Either Mr Solana's visit is a big deal or it is a slow news day. By the time his convoy screeches up to see Nabih Berri, the Hezbollah-aligned Speaker of parliament, there are more than two dozen camera crews waiting.

They duly wait for the entirely anodyne comment to emerge from Mr Solana - it could have been about the decor, it did not really matter - before there is another screeching convoy ride to the prime minister's Serail, or palace.

Moving on

Mr Solana is whisked away, the last thing seen of him being a rather startled face in a wildly overcrowded lift.

In the grand inner courtyard of the Serail the SUVs of various ambassadors sit, whilst heavily built, shaven-headed bodyguards fiddle with their earpieces.

There is a whiff - just the slightest whiff - of Baghdad.

Mr Solana goes five or six rounds with the local press corps - which is notably more women than men - and then there is another insane drive around Beirut to pay homage to Rafik Hariri.

What was once his home is now a shrine; huge colour photographs of him hang on the walls or are perched on easels.
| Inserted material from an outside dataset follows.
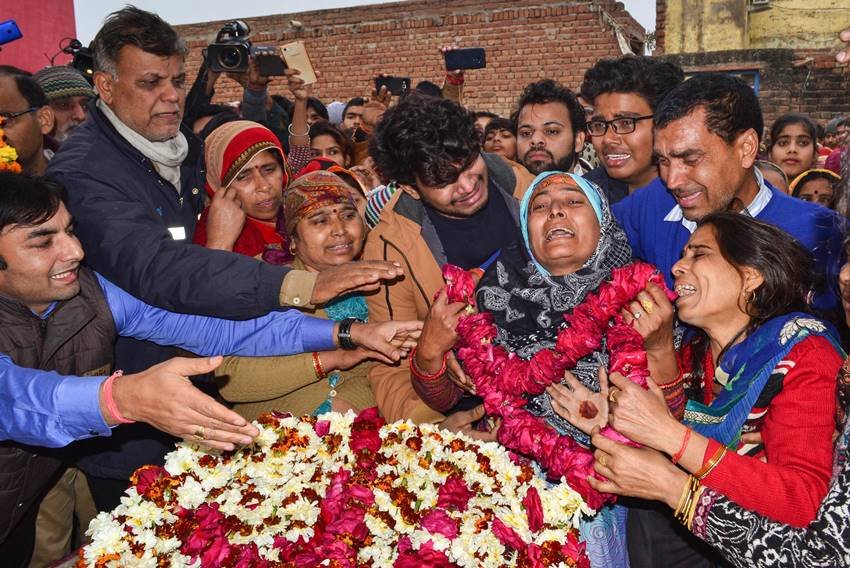 ,pulwama Attack,Pulwama,CRPF personnel,CRPF Bravehearts, pulwama martyr tribute, martyr tribute video, pulwama news today,pulwama encounter,pulwama terror attack,pulwama terrorist,india news live,india news today,india news live tv,cprf,cprf jawans,crpf news,crpf news today in jammu kashmir,crpf news latest,mortal remains,mortal remains of crpf,kashmir news today,jammu and kashmir terror attack,narendra modi,rahul gandhi,army chief bipin rawat,arvind kejriwal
In what must be the world's largest living room Mr Solana chats with Mr Hariri's son, Saad.

And then, after another quick word to the press, the convoy pelts to the airport. There is time to squeeze in one more interview - does the man never stop? - and then the jet is in the air.

As the sun sets in the distance, Javier Solana prepares for his next round of meetings, his spokeswoman's leopard-skin print coat draped over his legs for warmth.